Quand la RSE bouleverse les business models

Que les exigences en matière de RSE provinnent du législateur ou des parties prenantes, elles se sont surtout fortement renforcées avec les années, jusqu’à atteindre un point culminant avec la crisis du Covid-19. « Il serait erroné et même risqué de croire qu’un simple changement de posture et de communication suffise à répondre à ces attentes de fondprévient Souad El Ouazzani, Associate RSE chez Mazars. Derrière l’integration de la RSE se trouve avant tout un enjeu de pérennité. La véritable question que les dirigeants doivent se poser est la suivante : dans le monde bas carbone de main, mon entreprise sera-t-elle toujours performante et mon business model rentable et pertinent ? ».

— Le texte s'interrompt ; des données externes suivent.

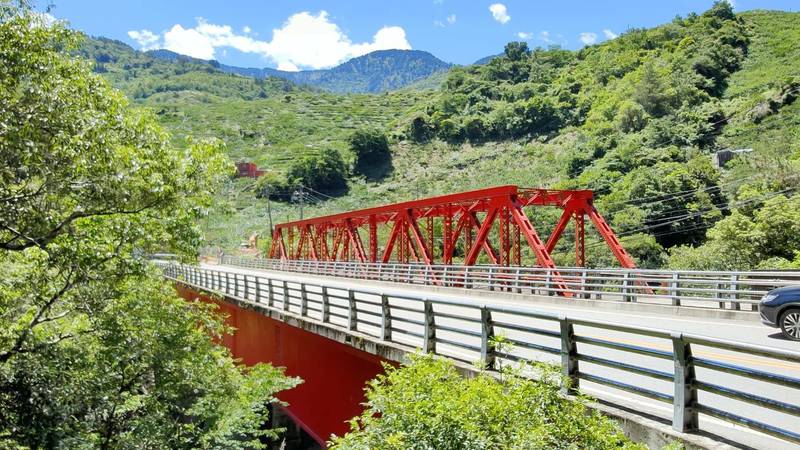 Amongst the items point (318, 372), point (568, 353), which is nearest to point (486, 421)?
point (568, 353)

Si les entreprises semblent avoir bien pris conscience de l’impérativité d’intégrer dès à présent la RSE à la racine de leur strategy et de leur vision, la problématique est ailleurs. « La vraie difficulté est the passer du constat et des bonnes intentions à la mise en œuvre du changement, c’est-à-dire à sa translation opérationnelle dans le business model. La transformation durable est par nature complex car elle with souvent and jeu des intérêts contradictoires de rentabilité à court et moyen/long terme. Elle nécessite un engagement sincère du leadership dans la durée. », analysis Valérie Bazin, Associée Consulting chez Mazars.

Pas de recette miracle, mais des facteurs clés de succès

Pour rendre concrète cette transformation durable, Souad El Ouazzani identifie plusieurs axes de travail : « la decarbonation de la chaîne de valeur, l’économie circular, la nécessaire prize en compte de la qualité de vie au travail, in short, la contribution sociétale sur laquelle l’entreprise est attendue. Evidemment, la materialité de ces axes diffère selon l’organization dont il est question ». Pas de receipt miracle donc, ni de modèle unique qui puisse être transposé d’une entreprise à une autre. En revanche, certains facteurs sont clés de succès, comme dans toute transformation complex « Il faut tout d’abord s’accorder sur le sense de la réussite et se fixer des objectifs progressifs, qui ne soient pas de seules ambitions sur un horizon de temps très long. Cela permet de donner du rythme au changement. La réussite, par exemple, peut être d’avoir lancé une ligne de production moins consommatrice d’energie sous deux ans et d’atteindre and parallel un objectif global de réduction de ses émissions de CO2 at horizon 10 ans. Sans objectifs réalistes il est très difficile de susciter l’adhésioninsisted Valerie Bazin. D’autre part, pour fédérer l’entreprise autour du projet de transformation, il faut que chacun trouve du sens au changement, à commencer par son devenir personnel. Il est fondamental d’accompagner les équipes pour que chacun trouve sa future place.»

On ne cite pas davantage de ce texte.